Brad cited Ephesians 2. "You are citizens ...members of the household of God... one body." We are knit together. We are not independent but part of a larger whole, a spiritual family. And God created us with this need to be a part of others' live --as opposed to apart from others -- which means if we're independent, we're out of touch with God's intention for us.
He compared the difference between how we relate to strangers and to family. When a stranger comes over, we would be surprised if they went straight to the fridge and began helping themselves. But when family comes home for the holidays, there is no need for them to ask permission to make a sandwich out of whatever they find in the pantry and refrigerator.
Being "family" means, "My home is your home." It's a willingness to share our space, and our hearts.
When we have that kind of love for each other, non-believers looking in from the outside wonder how we can treat one another so. It's all about being a community of people doing life together.
Romans 15:7 shows one way to praise God that we haven't thought about. "Accept one another, just as Christ accepted you, in praise to God."
It's a place where we are just who we are, as we are. Becoming a family takes time. It takes commitment. And it takes Christ.
If you say, "I don't have time for that," what you're saying is you don't have time for people.
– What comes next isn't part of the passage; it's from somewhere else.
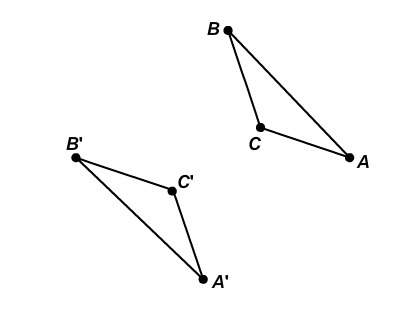 What kind of transformation is illustrated in this figure? a) rotation b) reflection c) dilation d)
It's challenging, but it's where life really happens. Every one of us needs a spiritual family. Because we all have needs, and those needs are met through the family of God, our spiritual family. We have a need for relationships braided together by the Spirit of Christ.
Christianity is about the shared relationship of spiritual life. Throughout Scripture we see this sharing of faith. "Wherever two or three are gathered together, there I am in the midst of them."
Too many of our lives are lived alone. We drive to work alone. We study the Bible alone. We cry alone. Jesus calls us to something more.